The microprocessor - our lives were changed for ever!

In the mid 1970's a revolution occured and we were right there to witness the arrival of the first microprocessors from Intel - firstly the 4040 which grew into the 8080. Motorola followed rapidly with the 6800 which is the basis for all our early designs - we now use the 68HC16 which is the current successor to the 6800 line of processors.

Soon after the arrival of the 8080, the first IBM PCs arrived, powered by the Intel 8086 processor.

So, this was a very exciting time for anyone involved in electronic design! And we also had the perfect project on which to try out the new microprocesors, namely Building Managent Systems (BMS). At this time (1970-75), most buildings had fire alarms, heating and air-conditioning controls with a central rack of equipment to which all the sensors and controls were connected directly . This made for a very large bundle of wires!

Our first designs rejected this method outright in favour of 'outstations', ie panels around the building to which local sensors were connected. All outstations were then connected onto a common 'bus', ie a simple 4-core cable which looped around the building and onto which all outstations were connected. A central processor 'polled' each outstation in turn and the outstations sent back all their data in a serial stream down the one cable.

We don't claim to have been the first to use this method by any means but a system from one of our competitors at the time used parallel wiring and the contrast between our simple 4-core cables and the parallel wiring approach was quite dramatic as both system sat together in the same control room.

Now, of course, all data communications around a building use a similar 'bus' and this is not limited to BMS. All large buildings are pre-wired with a network of cabling normally defined as CAT5 and this enables easy instalation of computer networks. One day all new homes may be pre-wired with CAT5 wiring. As the bandwidth increases, so it becomes practical to send a mixture of data along these wires and this includes TV and sound in addition to controls for electrical items in the house. An enticing prospect? Well, we're not sure about that - sometimes we think technology moves too far ahead of what us simple humans actually want (or understand!).

We designed several systems using our newly aquired microprocessor in the period before the IBM PC became generally available so we had to design our own 'front-end', ie the part that the user (who will probably be completely non-technical) will use.
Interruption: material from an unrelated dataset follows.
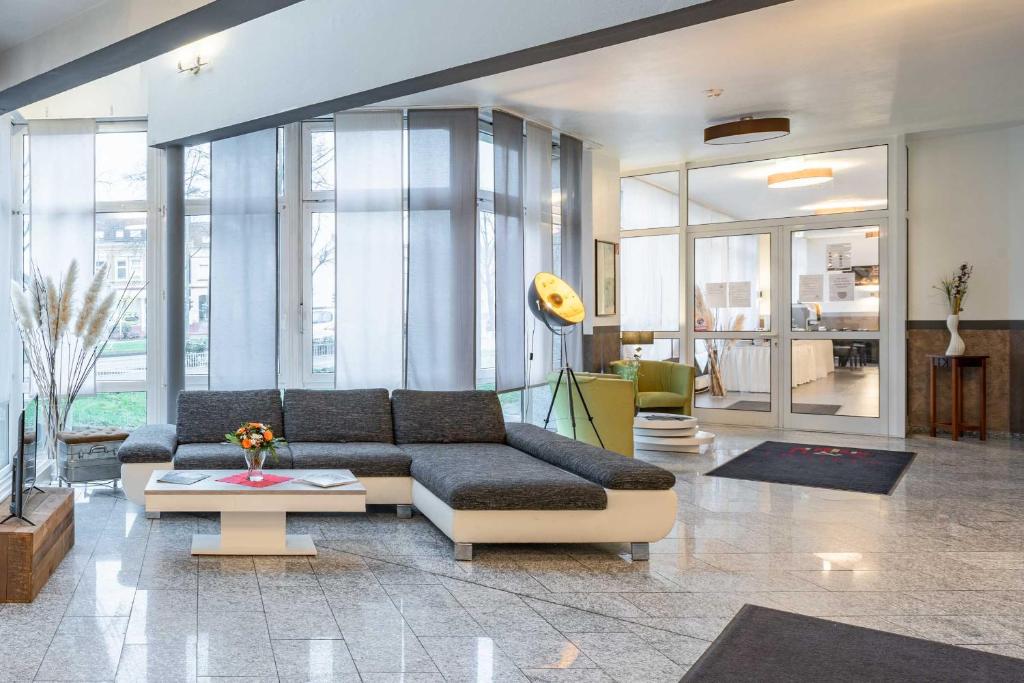 Khu vực ghế ngồi tại Astoria City Resort Essen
We had to use a very expensive colour terminal to display graphics of the buildings in addition to a simple text-only terminal whereas now, of course, the PC provides a wonderful front-end for the user and we take full advantage of this to creat graphics and menus in our own software.

In fact one can see a thread which runs through most pages on this site - that is, a single wire 'bus' is now used to carry many signals whereas pre-1970 this would have required much multicore cable. We have the microprocessor to thank for that, together with other advances in electronics of course, but a company such as ourselves can write extremely fast and compact data transmission software to run on a chip which costs less than £5 whereas before about 1975 this simply was not possible.

So that really brings us up to date. The company closed at the end of March 06, but I wanted to leave the story of Applied Microsystems on my new "Mezcla" website.